(Source records)
+ + + +

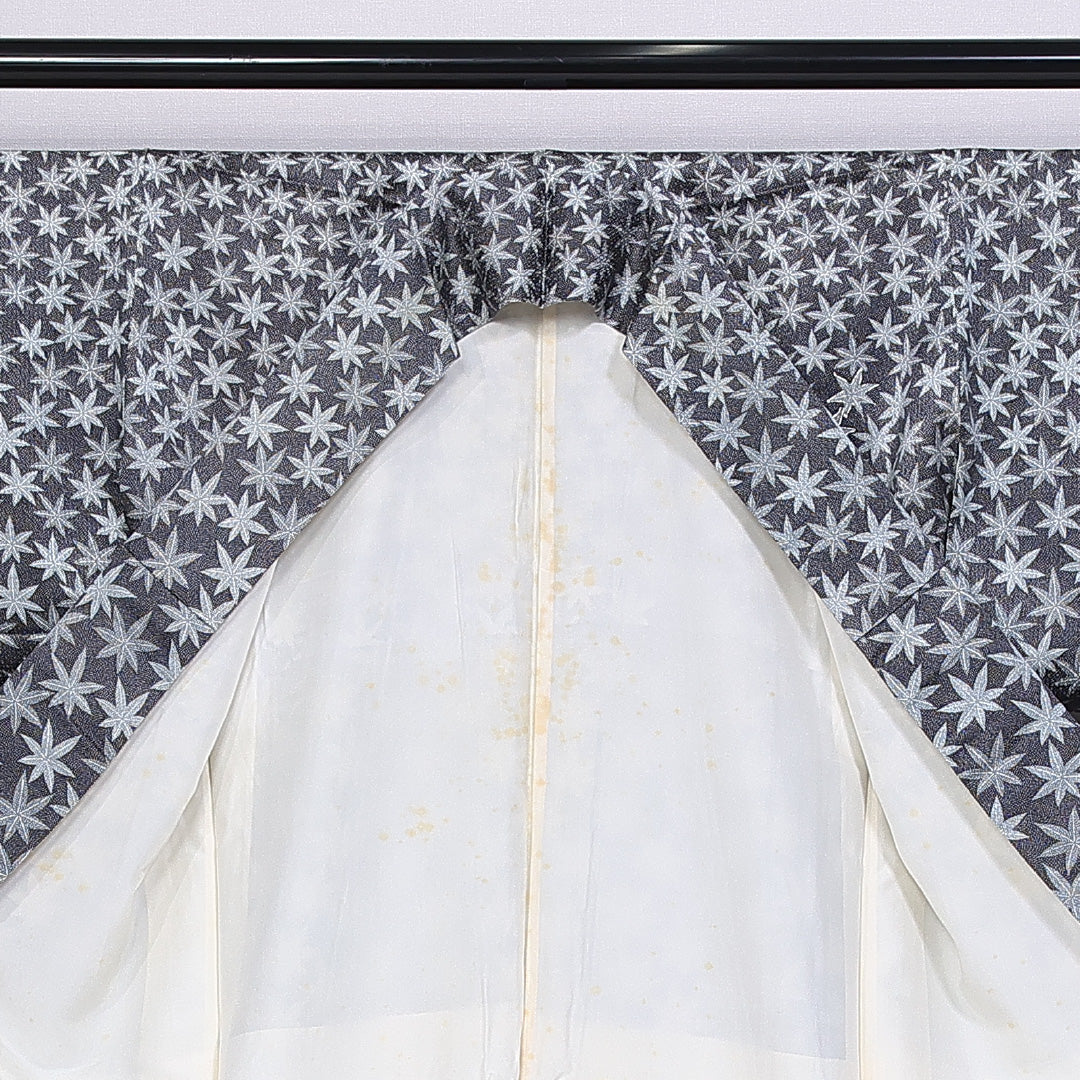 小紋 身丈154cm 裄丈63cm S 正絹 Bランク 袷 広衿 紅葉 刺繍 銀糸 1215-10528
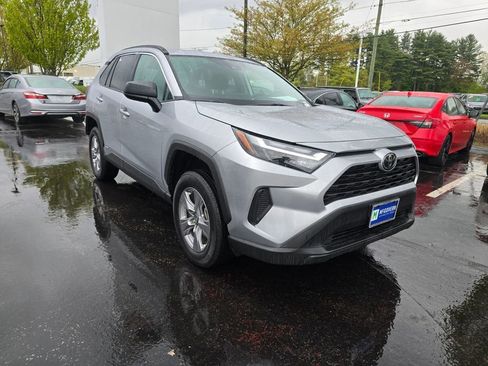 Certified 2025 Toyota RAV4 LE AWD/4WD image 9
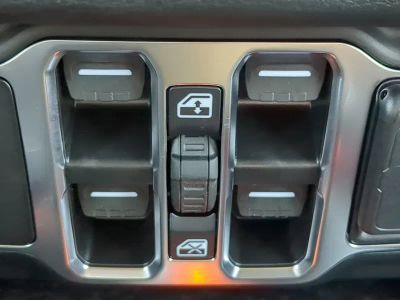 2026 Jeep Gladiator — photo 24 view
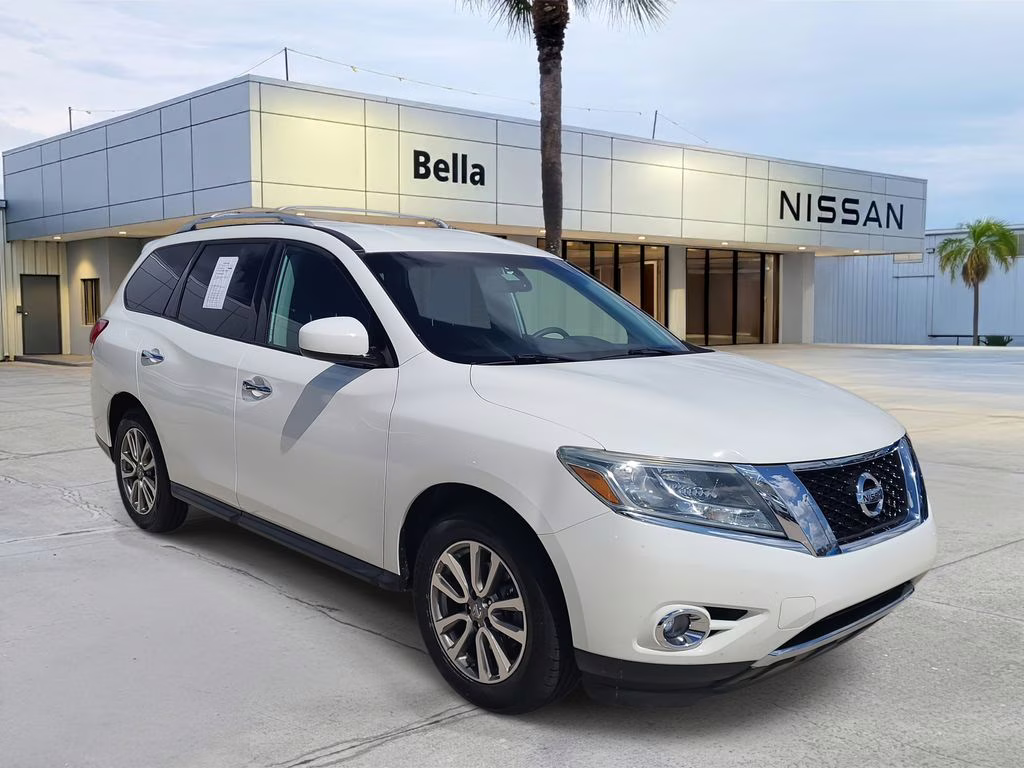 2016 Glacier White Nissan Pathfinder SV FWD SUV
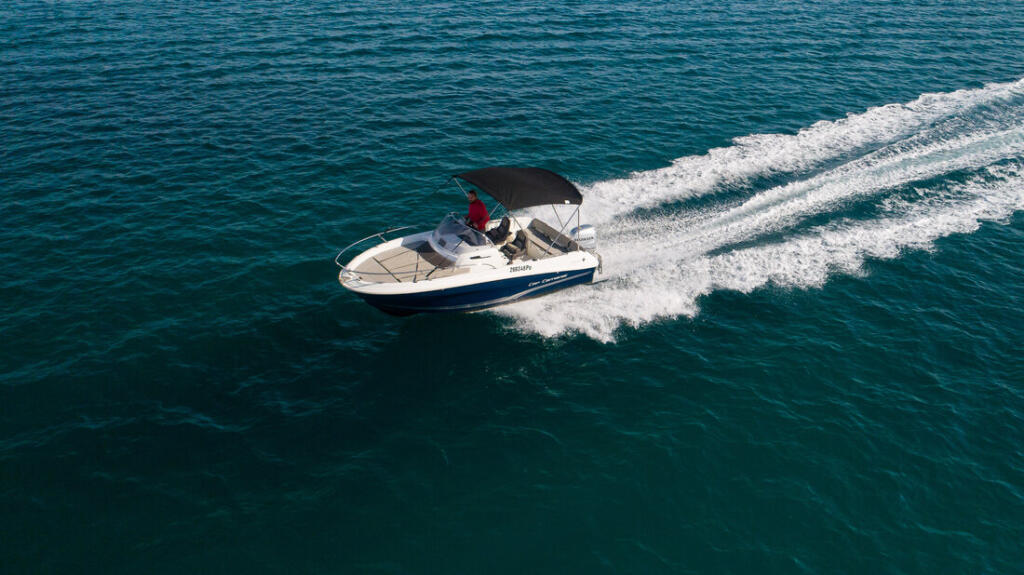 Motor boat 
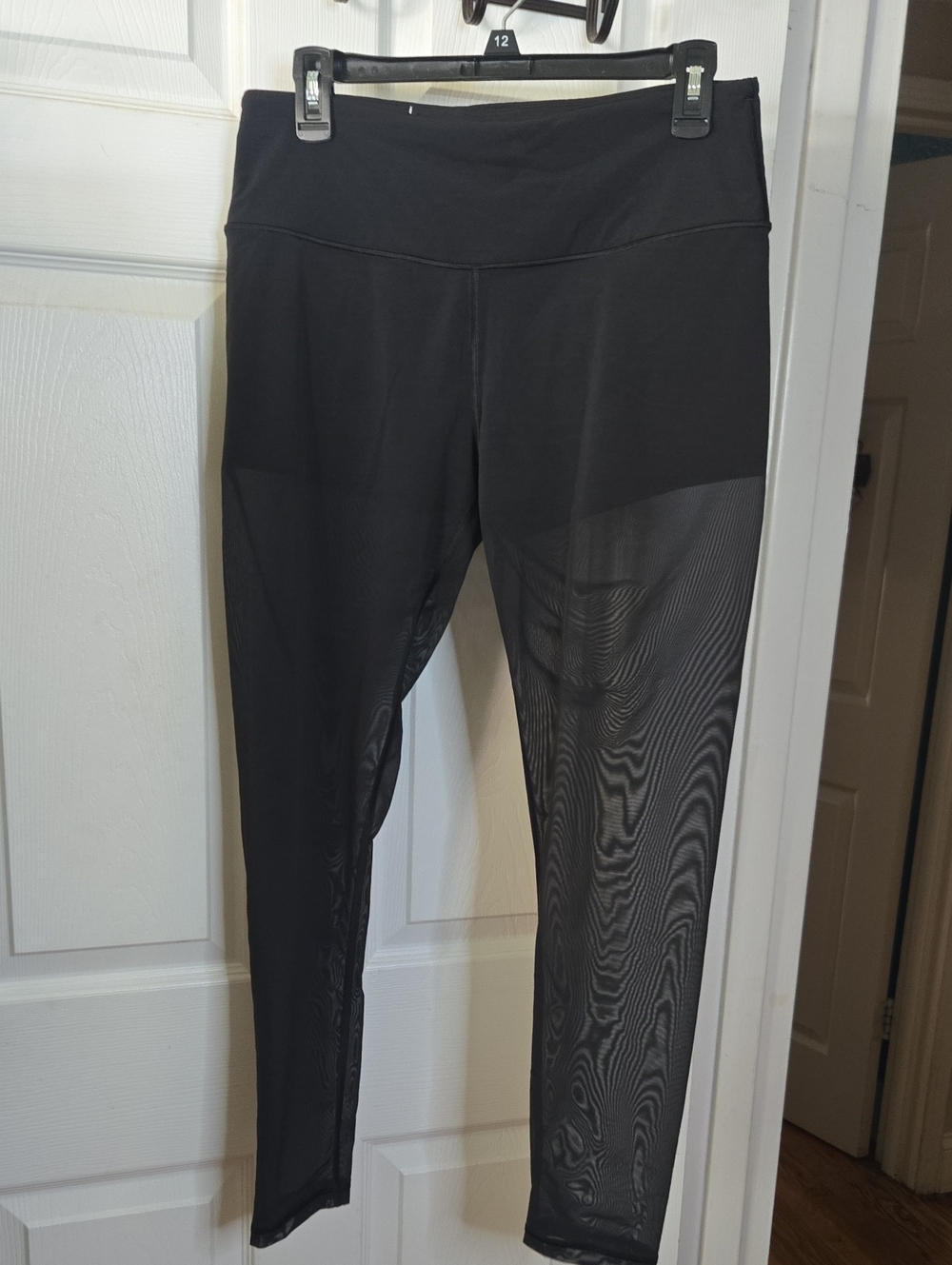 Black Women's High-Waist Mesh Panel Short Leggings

+ + + +

* _WHAT IS EXPECTED_: Retype every record above exactly as written, but leave out the pictures.

* _WRITTEN SOLUTION_:
 小紋 身丈154cm 裄丈63cm S 正絹 Bランク 袷 広衿 紅葉 刺繍 銀糸 1215-10528
 Certified 2025 Toyota RAV4 LE AWD/4WD image 9
 2026 Jeep Gladiator — photo 24 view
 2016 Glacier White Nissan Pathfinder SV FWD SUV
 Motor boat 
 Black Women's High-Waist Mesh Panel Short Leggings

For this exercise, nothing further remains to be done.